John Coates said that, a month after agreeing to do the film, Blake and Jackson told him that the subject was too dark and they were not going to proceed with it, but several hours of persuasion from Coates brought them back on board.

In Turning the Page: Children's Literature in Performance and the Media Fiona Collins said that while Burningham's book is open ended, with Emily ultimately left alone to contemplate her grandfather's death, the film offers a less "stark" interpretation; his death is explored through her implied remembrance of him in the final scene. Collins felt that was probably because the original offered an unremittingly bleak ending which would be difficult for its intended child audience. The film was entirely financed by Channel 4 and cost over £1 million to make according to Coates. It was first broadcast on the channel on New Year's Eve 1989 at 6:30 pm.

==Music==
The musical score was written and composed by Howard Blake and is almost in the form of a miniature opera, with many of the tales within the animation sung by the lead characters and children from the Wroughton Middle School choir (winners of BBC Choir of the Year) accompanied by a 40-piece orchestra (the Sinfonia of London).

The end title song "Make Believe" is performed by Sarah Brightman and has the theme of "Auld Lang Syne" as a counter-melody.
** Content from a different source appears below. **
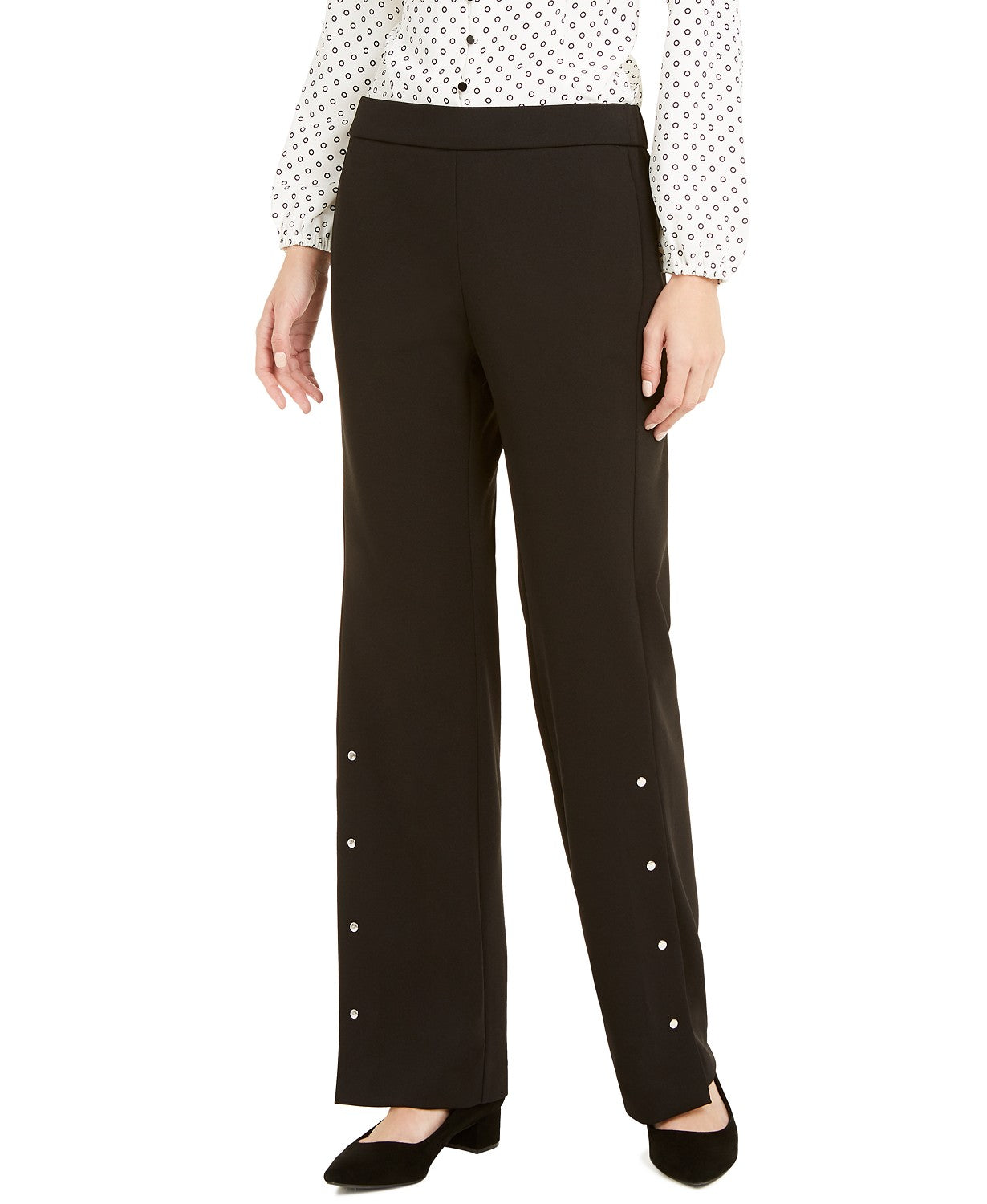 Alfani Women's Riveted Wide-Leg Pants Black Size Medium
The song was released as a single at the time.

==Reception==
The film won the Prix Jeunesse Special Prize in children's television programming in 1990. Rotten Tomatoes called the film "a sensitive and life-affirming animated adaptation".

The "Toonhound" review says that the film takes the tone of the ending of The Snowman even further, "exploring an aspect of life rarely approached in animated form." While writing Dianne Jackson's obituary in 1993, Paul Madden wrote that the film "was less of immediate popular appeal than The Snowman, but was perhaps more satisfying to her creatively, demanding a more subtle approach." Toonhound said, "Just like that film there is a tangible sense of loss at the end; a loss which builds with repeated viewings. You know that Granpa won't be playing with Emily for much longer, and what's more, you're aware that he knows this too."

==Ownership==
The film has rarely been repeated and has never been released on DVD. A special screening was arranged for Peter Ustinov to see the film, as he had been away in the United States on the day which it was broadcast. After TVS lost their licence in December 1992, they sold their film library, including Granpa. The title went through MTM Enterprises, Family Channel, Fox Kids, and finally Disney. The film was aired for the final time on the 23rd of December 1999. The film is believed to be confined to the Disney Vault.